Seit Jahren Proteste gegen die Aushöhlung des europäischen Flüchtlingsschutzes

Über eine Reform des GEAS wird seit vielen Jahren diskutiert, verstärkt wieder seit rund 18 Monaten. Kurz vor Weihnachten 2023 hatten sich die EU-Mitgliedstaaten und das Parlament geeinigt, im Februar 2024 stimmte der zuständige Ausschuss des Europaparlaments dem Kompromiss zu. Obwohl sich die Mitgliedstaaten mit ihren restriktiven Vorschlägen in den allermeisten Punkten durchsetzen konnten, ist mit einer Mehrheit im Parlament für die Reform zu rechnen.
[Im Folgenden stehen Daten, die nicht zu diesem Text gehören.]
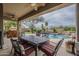 A covered patio area with dining, grill and a swimming pool at 4864 E Eden Dr, Cave Creek, AZ 85331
PRO ASYL protestiert seit Jahren, auch zusammen mit deutschen und internationalen Organisationen, gegen diese Verschärfungen und die Aushöhlung des europäischen Flüchtlingsschutzes. Vor der Abstimmung appellieren 161 europäische Organisationen an das Parlament, der Verschärfung doch nicht zuzustimmen.
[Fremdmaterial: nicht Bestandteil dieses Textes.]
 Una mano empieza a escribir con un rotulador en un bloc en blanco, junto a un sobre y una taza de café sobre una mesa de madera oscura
Die Verordnungen treten voraussichtlich noch vor der Europawahl im Juni 2024 in Kraft, kommen aber erst 24 Monate später zur Anwendung, also im ersten Halbjahr 2026.

Reform missachtet das Leid und die Rechte von Schutzsuchenden

„Die GEAS-Reform ist unmenschlich und missachtet das Leid und die Rechte der Menschen, die vor Krieg, Gewalt und Verfolgung fliehen. PRO ASYL wird zusammen mit Partnerorganisationen in ganz Europa weiter gegen die Isolations- und Abschottungsstrategie der EU kämpfen“, sagt Wiebke Judith, rechtspolitische Sprecherin von PRO ASYL.
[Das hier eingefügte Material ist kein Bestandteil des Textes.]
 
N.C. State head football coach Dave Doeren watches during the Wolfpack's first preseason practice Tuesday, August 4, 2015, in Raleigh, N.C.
Zu den massiven Verschlechterungen der GEAS-Reform gehören ein standardisiertes Screening, Asylverfahren an den Außengrenzen unter Haftbedingungen (auch für Familien) und extrem niedrige Standards für sogenannte sichere Drittstaaten außerhalb Europas. Das bedeutet: Ein großer Teil der Flüchtlinge wird in Zukunft kein reguläres Asylverfahren in einem EU-Land durchlaufen, sondern nur noch ein beschleunigtes Verfahren an den EU-Außengrenzen, in dessen Verlauf sie als „nicht eingereist“ gelten – abgeschottet von der Außenwelt ohne die Chance auf Beratung oder rechtliche Unterstützung. Auch Kinder müssen in diesen haftähnlichen Bedingungen ausharren, sogar eine Inhaftnahme von Kindern während des Grenzverfahrens ist nicht ausgeschlossen.

In die sogenannten sicheren Drittstaaten können Schutzsuchende, die nach Europa geflohen sind, abgeschoben werden, ohne dass ihre tatsächlichen Fluchtgründe zuvor geprüft wurden – einfach, weil in einer Vereinbarung zwischen der EU und dem Drittstaat festgelegt wurde, dass zumindest Teile des Landes „sicher“ sind. Die Genfer Flüchtlingskonvention zum Beispiel muss dort nicht gelten.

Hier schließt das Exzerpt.